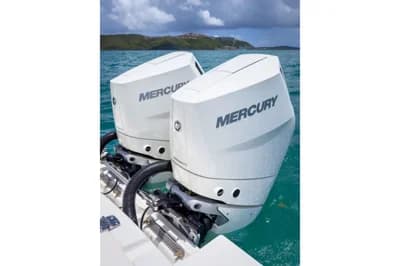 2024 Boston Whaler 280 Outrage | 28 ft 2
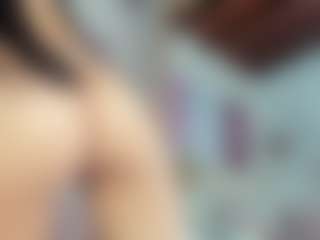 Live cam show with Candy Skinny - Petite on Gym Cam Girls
* * *
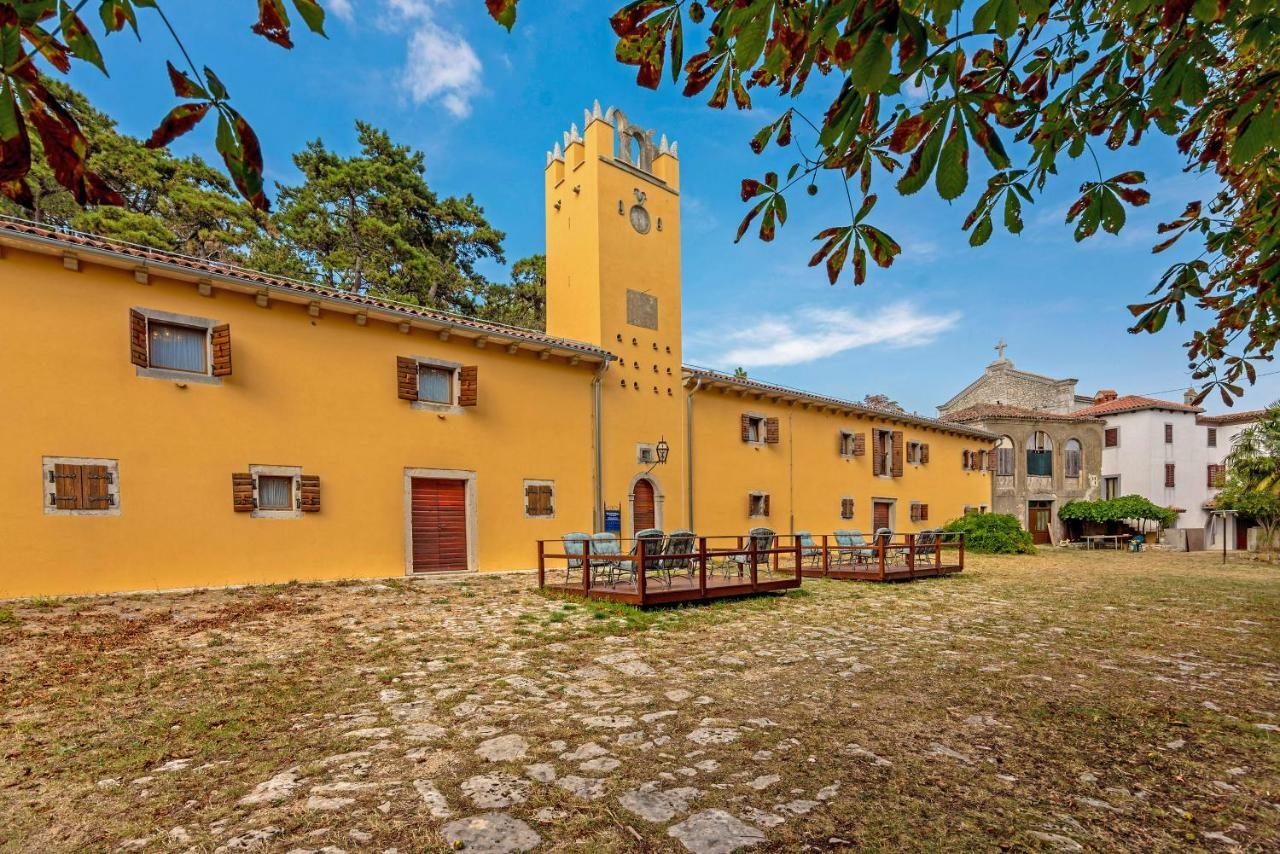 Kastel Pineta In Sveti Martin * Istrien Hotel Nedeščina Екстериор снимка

> _ABOUT THIS TASK_:
Only one stretch of the listing is wanted: the lines starting at the one with "2024 Boston Whaler 280 Outrage | 28 ft 2" and ending at the one with "Live cam show", copied exactly and free of pictures.

> _FINAL ANSWER_:
 2024 Boston Whaler 280 Outrage | 28 ft 2
 Live cam show with Candy Skinny - Petite on Gym Cam Girls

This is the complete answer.